Once we are settled meditators and we start counting up the hours
we have sat and the efforts we have made in ordinary daily life,
it is often the case that ‘progress’ is not all that
obvious. We seem to keep making the same old mistakes, suffering
the same old mental states, having the same old problems in meditation.
For some this can become a real crisis and I know others who have
left the practice because of it.

First, taking for granted that our understanding and basic practice
on retreat and in daily life is skilful and correct, then it’s
good to remind ourselves that the Buddha did not say this was easy
or that we would quickly advance to liberation. He said the Path
was gradual and that we had to put effort into it. His final words
are appamadena sampadetha. Appamado is a favourite word of his,
meaning diligence and devotion to the task. Sampadetha means to
strive, to try to accomplish one’s aims. This last phrase
is variously translated, but its meaning is ‘strive diligently
for your own liberation’.

Second is the presumption itself of progress, so natural to the
self. The self invariably wants more than it gets. We have to see
disappointment as a measure of that expectation. But the Buddha
didn’t say sit in order to achieve Nibbana. He said sit in
order to establish Right Awareness. Live daily with Right Mindfulness
and in the Metta Sutta he advises us to saturate this with unconditional
love. We shall do this only when we really understand that the processes
of insight and purification take care of themselves. We need to
trust our own Buddha Nature, that intuitive awareness that manifests
when we are in the mode of Right Awareness.

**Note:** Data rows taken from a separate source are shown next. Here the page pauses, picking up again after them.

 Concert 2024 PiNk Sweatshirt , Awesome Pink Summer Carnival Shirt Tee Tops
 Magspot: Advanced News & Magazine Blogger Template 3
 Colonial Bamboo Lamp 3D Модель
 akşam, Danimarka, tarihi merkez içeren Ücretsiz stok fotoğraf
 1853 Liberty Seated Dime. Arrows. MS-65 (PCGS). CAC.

Third, there are the vipassana insights and the four levels of
Noble Attainment. But the danger here is that they can become aims
and that old achieving rascal, the self, takes over. It’s
good to know there is a well-delineated Path, but it’s best
then to put it on the back burner and have confidence that the practice
will lead us along.

Fourth, things get harder as we progress until there is a breakthrough.
When we bend a branch to break it in two, the closer it is to splitting,
the greater is the pressure that has to be applied. Then snap! We
have another state. We have two sticks. This is how spiritual practice
works. It gets harder the more we reach the breakthrough point,
the point of transition and transformation. This is signified in
the Great Doubt that beset the Buddha just before his own breakthrough
when ‘Mara’ questioned the righteousness of his very
effort. Once the storm had passed, the gate was opened wide. It
is often right there, at the testing point that meditators tend
to give up.

Fifth, like any task we undertake things will go well and then
they go wrong. These are the ups and downs we find in all nature.
We have to be careful it’s not up, down and out. It is better
to look back over the whole period of time since we started out
on the Path of Dhamma and compare it to how it was before. Our progress
may be more obvious than thinking about what have we gained in a
week or three months on retreat.

Sixth, we do not live in a spiritually supportive society so when
we leave the special conditions of a retreat, we invariably fall
back. It really is a bit of an up-down-hill struggle. But hopefully
the long-term trend is up. Better to be content with little, than
discouraged by lack of a lot.

And finally, when we bring the most important question into the
present moment, the only living one we actually have: ‘Would
I want to be alive now without Right Mindfulness?’ As far
as I am concerned, that beats all doubt, right here and now.